Разве стал бы  зрелый мужчина, словно  истеричный подросток,  кончать жизнь самоубийством  из-за несчастной любви, если   говорил:
- Я люблю Лилю. Ко всем остальным я могу относиться только хорошо или ОЧЕНЬ хорошо, но любить я уж могу только на втором месте. Хотите - буду вас любить на втором месте?
Но есть и ещё одна причина, из-за которой  не стал бы  стреляться ни один любитель животных. И это любимая  Булька,  её новорожденные  щенки.  Разве мог он, чувствовавший всегда высочайшую ответственность за жизнь  живого существа,   оставить  на произвол судьбы беспомощных  животных?
Поэт  интуитивно чувствовал   – время революционной романтики уходит.    Страна  движется    к  раскулачиванию, массовому голоду, борьбе  за власть, культу личности, трибуналам, расстрелам.
«Когда он понял, что его мечта об идеальном (коммунистическом)  обществе неосуществима на деле, то стал об этом говорить, перестал писать, и его ликвидировали»- утверждала его дочь  Элен-Патриция Дж. Томпсон, она же - Елена Владимировна Маяковская, рожденная  в Америке в 1926 году от переводчицы Элли Джонс.
 
   По воспоминаниям друзей поэта, его   смерть   не вызвала у   Лили особого трагизма.  В крематории в глазок печи  она  с любопытством  следила,  как сгорает труп   беззаветно  любившего её    человека.  И лишь спустя месяц забрала урну   с  его прахом.   Именно Лиля  (не сестры, не  мать)  стала  наследницей   всего  имущества поэта,  денег и архивов, половины  гонораров от изданий произведений, получила пожизненную пенсию, хотя никогда в официальном браке с  Маяковским  не состояла, и   юридических прав на наследство не имела.   

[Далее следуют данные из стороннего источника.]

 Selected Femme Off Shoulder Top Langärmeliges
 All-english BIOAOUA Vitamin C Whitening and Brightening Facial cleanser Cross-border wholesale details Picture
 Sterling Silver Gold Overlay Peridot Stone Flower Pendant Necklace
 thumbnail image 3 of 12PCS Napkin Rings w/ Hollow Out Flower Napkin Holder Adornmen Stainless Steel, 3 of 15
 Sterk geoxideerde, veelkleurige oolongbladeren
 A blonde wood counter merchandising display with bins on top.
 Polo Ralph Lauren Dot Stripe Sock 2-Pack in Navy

Поэт  умер дважды. Второй раз, когда его   принудительно  начали  изучать в школе.   Воспевание им революции - «Серпастый, молоткастый», «Партия и Ленин - близнецы-братья»…  раздражало, и даже отталкивало.   Поэта  преподносили нам    лишь   как пламенного борца за социализм, высоконравственного, величественного и монументального, как его памятник на одноименной площади. Но мы совсем не знали его лирики.  »Прошли» его стихи в школе и  навсегда забыли,   практически, так и не узнав величайшего поэта ХХ века.

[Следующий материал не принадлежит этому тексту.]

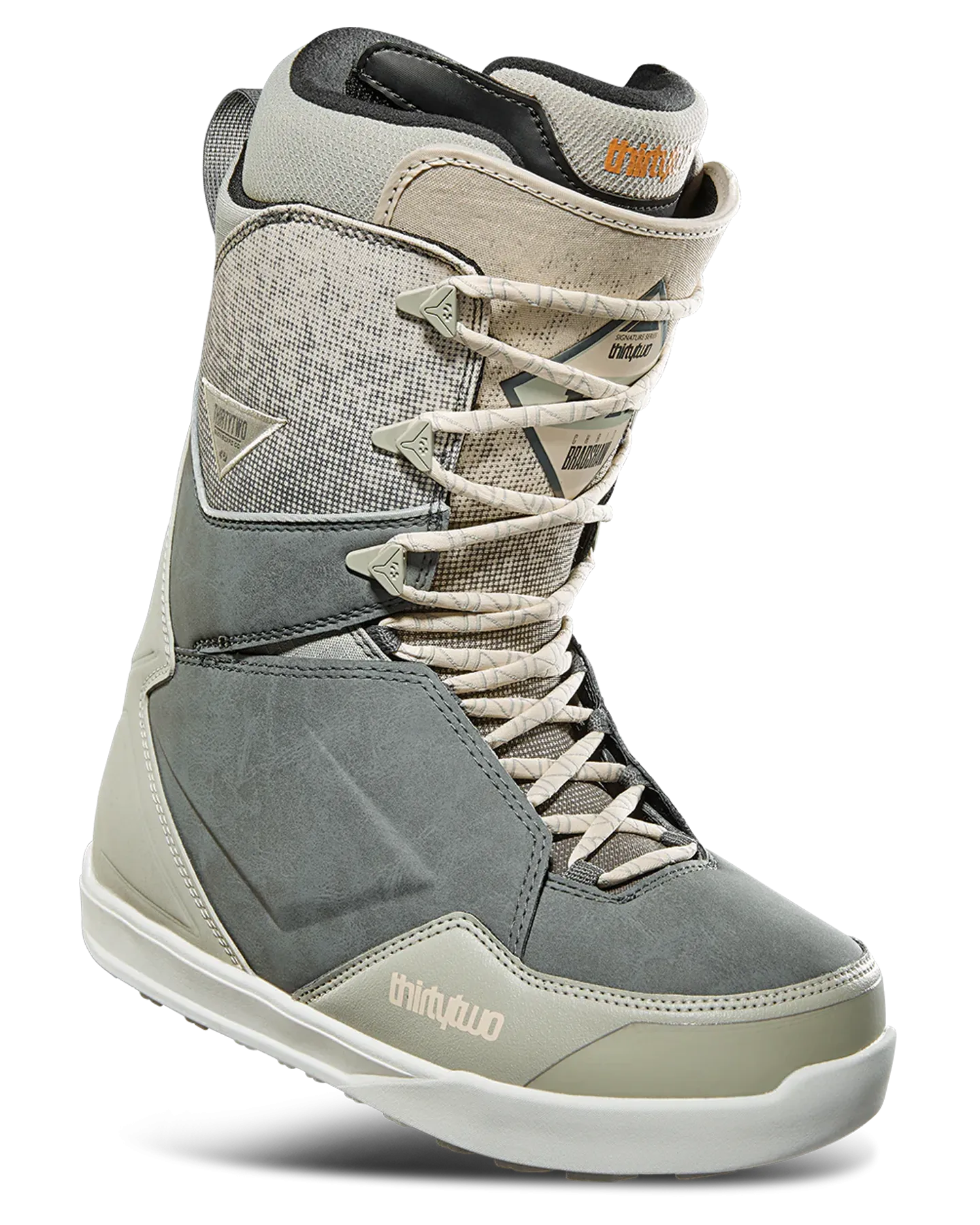 Thirtytwo Lashed Double BOA X Bradshaw Snowboard Boots - Grey/Tan - 2024 | Shop Snowboard Boots at Trojan Wake Ski Snow & Sn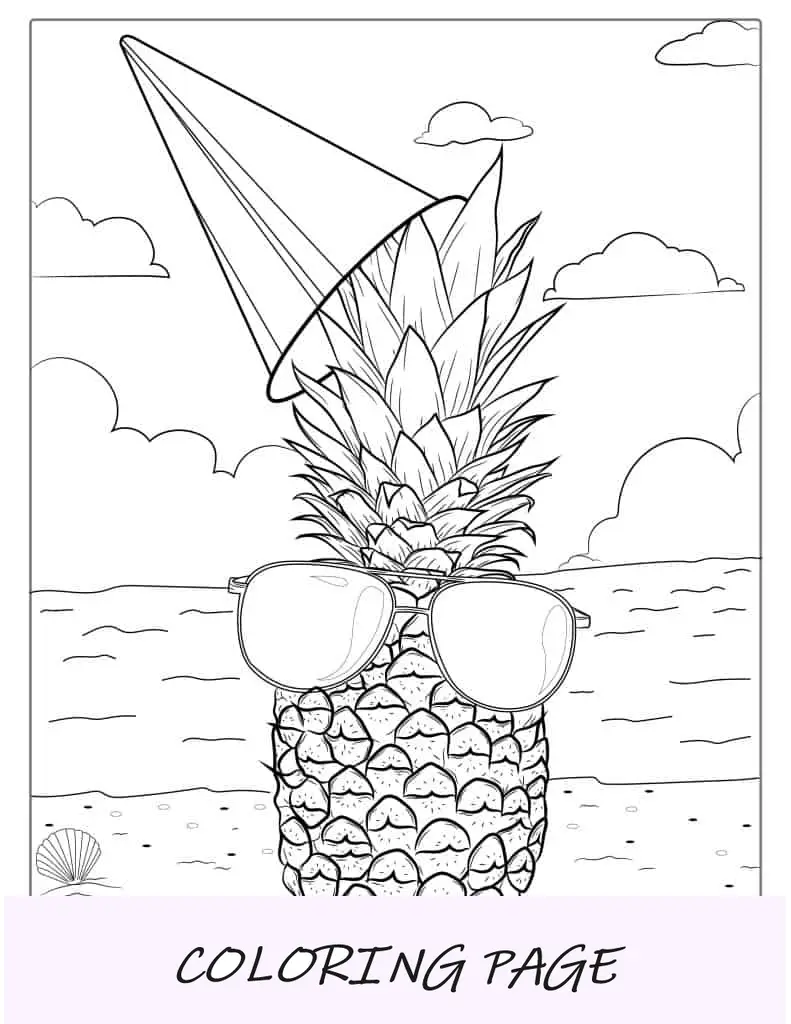 Página para colorear de piña con gafas de sol en la playa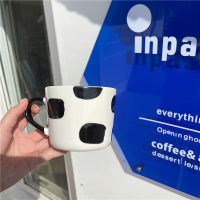 Creative Korean Ins Cute Simple Cow Mug Wave Point Ceramic Cup Large Capacity Couple Student Milk Coffee Breakfast Drinkware Hot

«Я хочу быть понят моей страной,
 а не буду понят — что ж?!
По родной стране пройду стороной,
 Как проходит косой дождь…»
По неподтвержденным сведениям,   Булька  умерла в  глубокой старости у  новых хозяев. Что стало с её щенками, история умалчивает.


 
P.S.  Наверное, даже в самом страшном сне, поэт не смог бы   представить, что Россию  захлестнет  эпидемия  живодерского садизма. И, горячо любимых им, братьев наших меньших  будут зверски  убивать, сжигать, пытать, выбрасывать из окон…   -  беспредельны изощренные    фантазии  бесчисленных  извращенцев, воспитанных на   ненависти, вседозволенности,  и безнаказанности, культивируемых современными   СМИ.  Людей же милосердных, сострадательных  пренебрежительно   окрестят   – «зоошиза».   В сознание  обывателей  будут   упорно  вдалбливать  ложное утверждение – «любит  животных, значит, ненавидит  людей!».  И   появится предложение - запретить кормить бездомных животных, штрафовать   за  СОСТРАДАНИЕ И МИЛОСЕРДИЕ!   Забудут  люди  Писание:  "Блажен,  иже  и скоты милует!»,  как и  заветы  православных  христианских  святых -  Сергия Радонежского, Серафима Саровского, Евфросинии Вяземской:  делиться последним куском хлеба со страждущим,    зверя голодного накормить, потом уже самому поесть…
Эпидемия ширится. Каждый день приходят все новые   сообщения о невероятных  по своей  жестокости преступлениях зоосадистов.
Защитников животных же, похоже,   вскоре начнут преследовать,  и принудительно лечить от милосердия.